Once Reifkind collected the intelligence on her targets, she passed it on to her boss at the embassy. Then it was sent to the Ministry of Strategic Affairs and other offices over a secure encrypted system called Cables. It’s “really secure,” she said. “I don’t have access to [it] because I’m an American.… I’ve seen it, it looks really bizarre…. And then they’ll send something back and he’ll translate it and tell me what I need to do.”

Since the brutal Hamas attacks on Israeli civilians on October 7 and the Israeli invasion of Gaza, the ICC and its US-based spy networks are no doubt working overtime. But there is little likelihood of interference by the FBI—well trained to look the other way when it comes to Israel. It was a situation that even frustrated a former head of the FBI’s counterintelligence division. When I asked him why no one would talk to me about Israel’s massive espionage in the United States, he simply shook his head.

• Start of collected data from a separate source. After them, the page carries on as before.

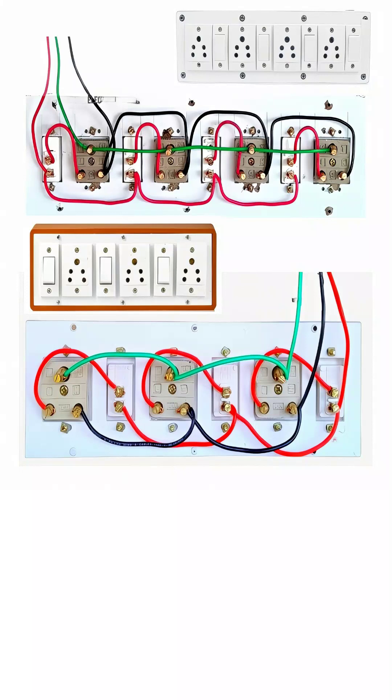Next, the black neutral wires are interconnected across all sockets, forming a common neutral line. This is essential because for any electrical appliance to work, both phase and neutral must be present. Without the neutral connection, the circuit is incomplete, and the device will not function.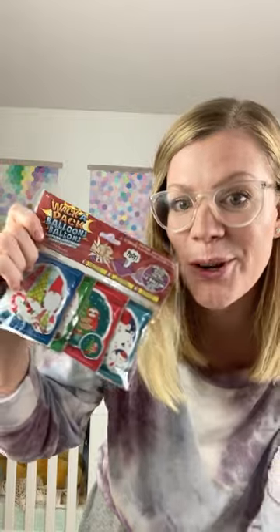This whack-a-pack is a balloon inside of a bag. You just whack it and it inflates before your eyes. Pack of four, really fun for the kids.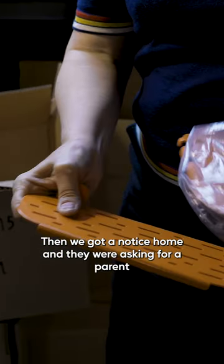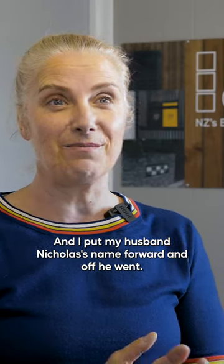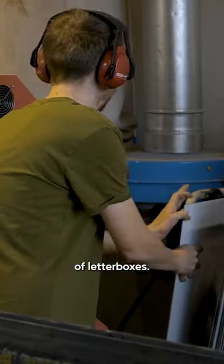Then we got a notice home and they were asking for a parent to go and help the children make the letterboxes. I put my husband Nicholas' name forward and off he went. So it was sort of brought to Nicholas' mind the dysfunction of letterboxes.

“You don’t think Israel’s a sensitive topic?” he asked, requesting that his name not be used. “So, Israel has been looked at and is being looked at and that’s all I can tell you,” he said. “But nobody’s doing anything.”

“Why not?” I asked.

“You can imagine,” is all he would say, implying high-level political involvement. I then said that I was planning to write about the topic. “I hope you do. I hope you do,” he said. Sighing, he added, “I’ve been there done that. I know it. I’ve brought cases to the Department of Justice on Israel.” Cases that were never opened.

James Bamford is a best-selling author, Emmy-nominated filmmaker, and winner of the National Magazine Award for Reporting. His most recent book is Spyfail: Foreign Spies, Moles, Saboteurs, and the Collapse of America's Counterintelligence, from which much of the material in this article has been adapted.